I just created a TensorRT YoloV3 engine. However inference time does not make any significant difference. When I run the same model with PyTorch I get 20 FPS but TRT inference only yields around 10 FPS. I work on my notebook’s GTX 1050 Max-Q with CUDA 10. Only warning I got end to end (from converting yolo to engine, to inference) is ;

[TensorRT] WARNING: TensorRT was linked against cuDNN 7.6.3 but loaded cuDNN 7.4.2

I couldnt know what type of info should I add more so that’s all for now.
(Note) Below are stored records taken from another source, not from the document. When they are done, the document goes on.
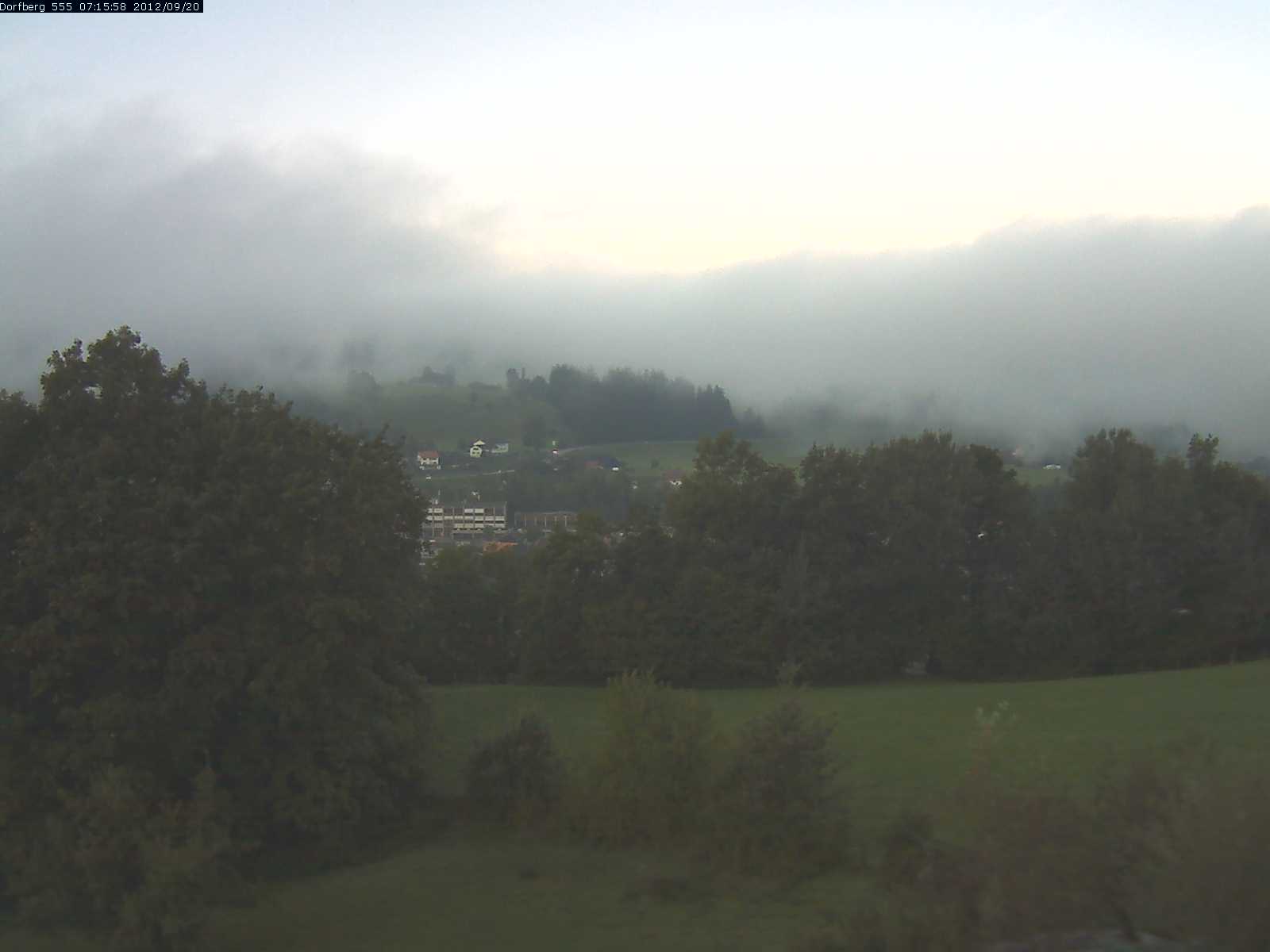 Webcam-Bild: Aussicht vom Dorfberg in Langnau 20120920-071600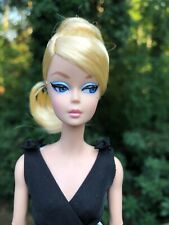 Barbie Rubia Vestido Negro Clásico, Muñeca Piedra de Seda Articulada ~ Etiqueta Dorada Sin Caja segunda mano  Embacar hacia Argentina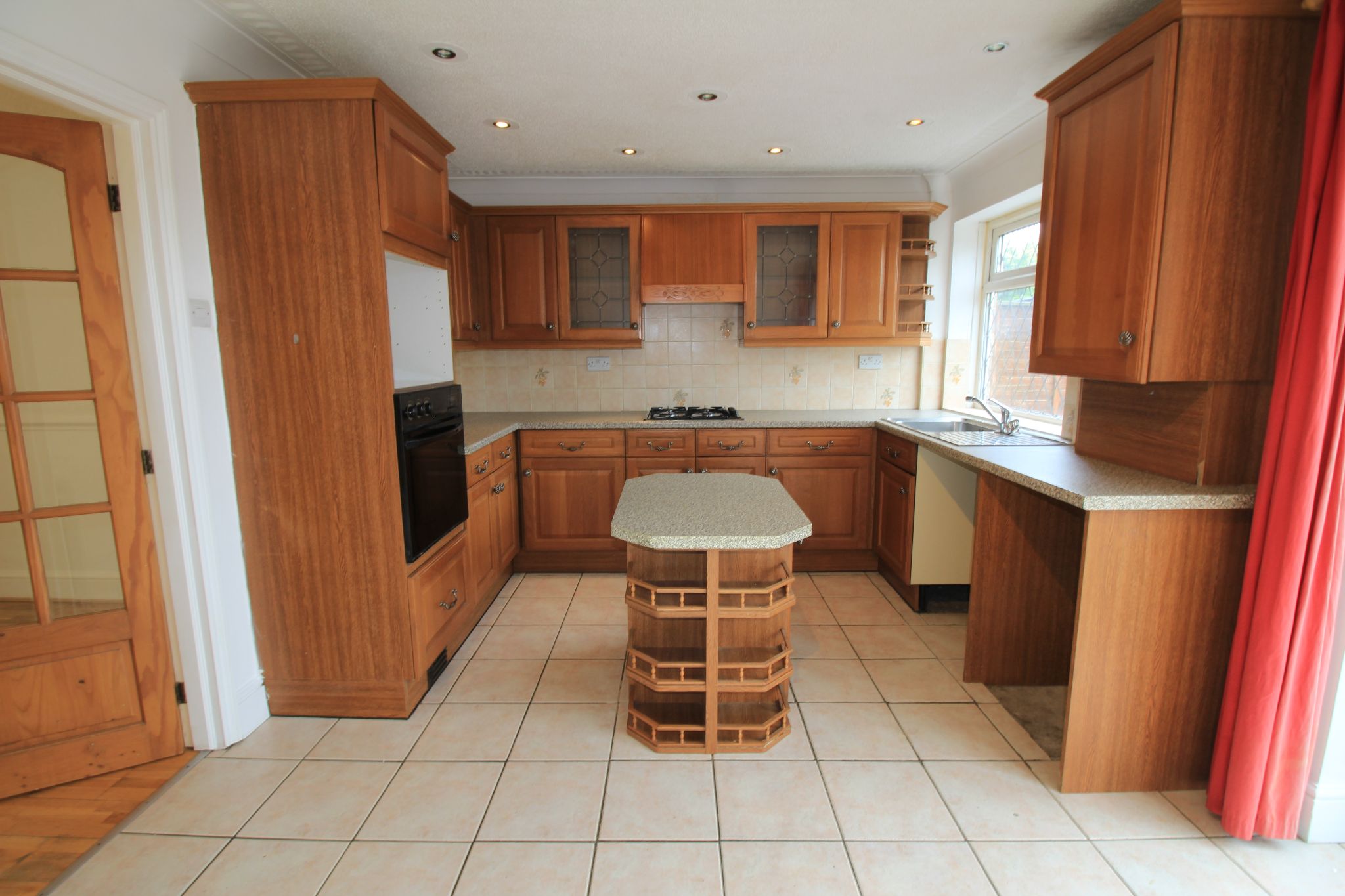 3 bedroom mid terraced house SSTC in Solihull - Photograph 4.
I’ll be willing to add the more info on demand.


Can you provide the following information so we can better help?
Provide details on the platforms you are using:
o Linux distro and version
o GPU type
o Nvidia driver version
o CUDA version
o CUDNN version
o Python version [if using python]
o Tensorflow and PyTorch version
o TensorRT version

Also, if possible please share the script & model file to reproduce the issue.


Ubuntu 18.04.3 LTS
GeForce GTX 1050 with Max-Q Design/PCIe/SSE2 Driver Version 440.26
CUDNN 7.4.2
Python 3.6.8
Tensorflow-GPU 1.14.0
Torch 1.3.1
Torchvision 0.4.2

Model is from https://github.com/pjreddie/darknet/blob/master/cfg/yolov3.cfg

And the scripts I used is from https://github.com/penolove/yolov3-tensorrt .
Repo might not work right away when you clone but minor edits whitout the need of changing the core of it will help to get it working.
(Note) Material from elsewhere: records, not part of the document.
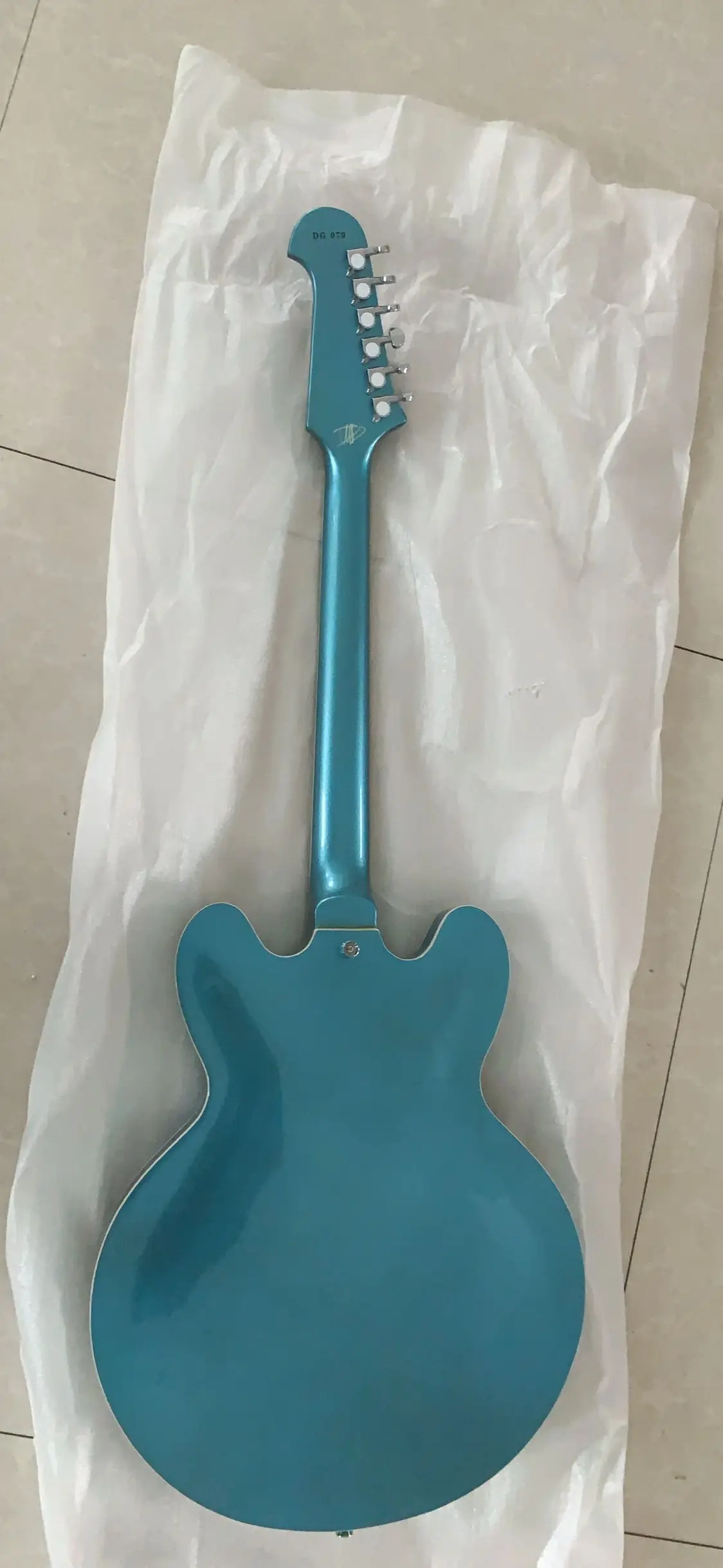 Оптовая продажа гитар Новинка DG 335 Jazz электрическая гитара синего цвета 20210101 |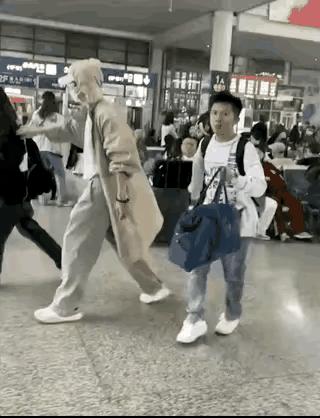 从“好闺蜜”到老死不相往来,再看李小冉和谢娜,究竟谁输谁赢?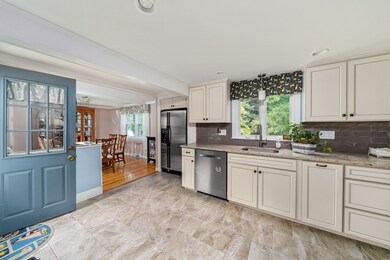 29 Blossom Ln, Weymouth, MA 02188 - photo 4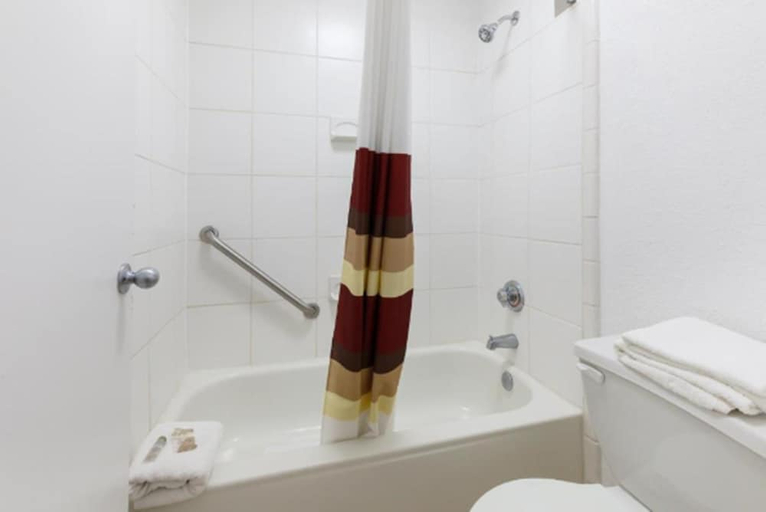 Bathroom 5, Horizon Inn & Suites, Anderson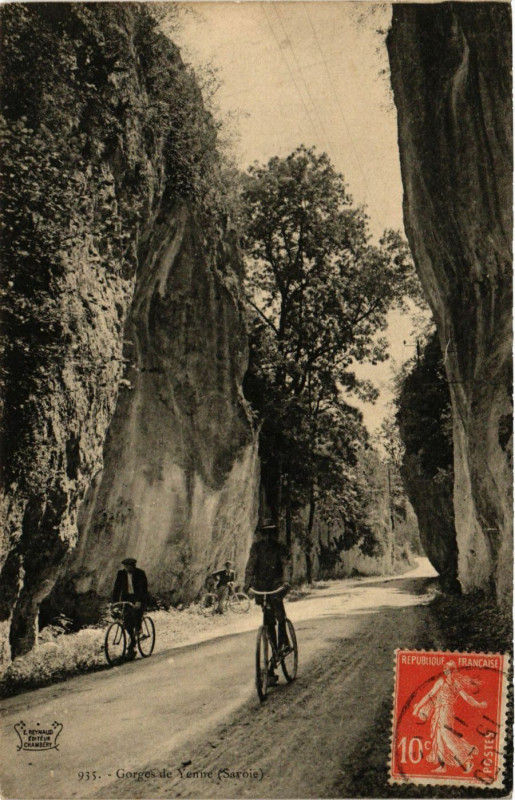 Carte postale ancienne Gorges de Yenne à Yenne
Couple of recommendations:

  1. Warning seems to be due to older version of cuDNN. Could you please try upgrading the cuDNN version to 7.6.5?
        Please refer to below support matrix:
  2. ONNX Parser isn’t currently compatible with the ONNX models exported from Pytorch 1.3 - If you downgrade to Pytorch 1.2, this issue should go away.


Hi, I just met a similar problem. I used python samples of tensorrt for yolov3, with onnx parser of version 1.4.1. I successfully run the sample program, and get 17 FPS on pure inference time (data -> gpu + model inference) without postprocess. Then I switch to MXNet gluoncv’s version of yolov3, which is the same for darknet53_coco, and I also get around 17 FPS with only network inference. The postprocess of trt sample is too slow in python and will make its FPS down to 3, so I didn’t calculate it.

Here are my versions:
PC: Intel® Core™ i7-7700HQ CPU @ 2.80GHz × 8 + GeForce GTX 1060/PCIe/SSE2
Ubuntu 18.04
CUDA 10.1
Cudnn: 7.5.0
MXNet: 1.5.1
yolov3 input size: 608 x 608
python: 3.6.8
data type: float32

Are there any suggestions? Or is it normal to have similar FPS? I already got over 2x speed up on simple resnet18 and resnet50 with test on trt with FP32.


TensorRT is a high performance neural network inference optimizer and runtime engine.
The pre and post-processing steps depend strongly on the particular application.

Please refer to below link for optimizing python performance.


Thanks for the fast reply, while what I am asking is, is that normal to have similar FPS?

Please be aware that I didn’t consider pre or post process AT ALL in time estimate. Also, it works well in simple Resnet inference with good speed up.


Can you share the model file and script to reproduce this issue so we can better help?
Meanwhile, please try to use the latest supported TRT version.